I have this data frame df1,
id lat_long
400743 2504043 (175.0976323, -41.1141412)
43203 1533418 (173.976683, -35.2235338)
463952 3805508 (174.6947496, -36.7437555)
1054906 3144009 (168.0105269, -46.36193)
214474 3030933 (174.6311167, -36.867717)
1008802 2814248 (169.3183615, -45.1859095)
988706 3245376 (171.2338968, -44.3884099)
492345 3085310 (174.740957, -36.8893026)
416106 3794301 (174.0106383, -35.3876921)
937313 3114127 (174.8436185, -37.80499)
I have constructed the tree for search here,
def construct_geopoints(s):
data_geopoints = [tuple(x) for x in s[['longitude','latitude']].to_records(index=False)]
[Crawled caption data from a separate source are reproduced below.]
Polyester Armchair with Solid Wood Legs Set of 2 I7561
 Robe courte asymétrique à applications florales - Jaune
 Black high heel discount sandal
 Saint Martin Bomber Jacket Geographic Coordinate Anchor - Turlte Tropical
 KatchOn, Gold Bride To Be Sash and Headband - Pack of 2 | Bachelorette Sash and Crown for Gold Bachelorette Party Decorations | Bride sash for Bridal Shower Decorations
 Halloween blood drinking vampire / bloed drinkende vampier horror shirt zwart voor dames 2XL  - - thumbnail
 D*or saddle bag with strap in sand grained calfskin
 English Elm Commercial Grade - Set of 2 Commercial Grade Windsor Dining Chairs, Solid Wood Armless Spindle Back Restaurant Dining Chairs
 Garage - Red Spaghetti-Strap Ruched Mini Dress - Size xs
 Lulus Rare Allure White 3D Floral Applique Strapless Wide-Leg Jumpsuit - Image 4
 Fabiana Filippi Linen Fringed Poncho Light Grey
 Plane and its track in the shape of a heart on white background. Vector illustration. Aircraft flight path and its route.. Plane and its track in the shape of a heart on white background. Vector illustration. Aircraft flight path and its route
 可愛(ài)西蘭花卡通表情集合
tree = KDTree(data_geopoints, distance_metric='Arc', radius=pysal.cg.RADIUS_EARTH_KM)
return tree
tree = construct_geopoints(actualdata)
Now, I am trying to search all the geopoints which are within 1KM of every geopoint in my data frame df1. Here is how I am doing,
dfs = []
for name,group in df1.groupby(np.arange(len(df1))//10000):
s = group.reset_index(drop=True).copy()
pts = list(s['lat_long'])
neighbours = tree.query_ball_point(pts, 1)
s['neighbours'] = pd.Series(neighbours)
dfs.append(s)
output = pd.concat(dfs,axis = 0)
Everything here works fine, however I am trying to parallelise this task, since my df1 size is 2M records, this process is running for more than 8 hours. Can anyone help me on this? And another thing is, the result returned by query_ball_point is a list and so its throwing memory error when I am processing it for the huge amount of records. Any way to handle this.
EDIT :- Memory issue, look at the VIRT size.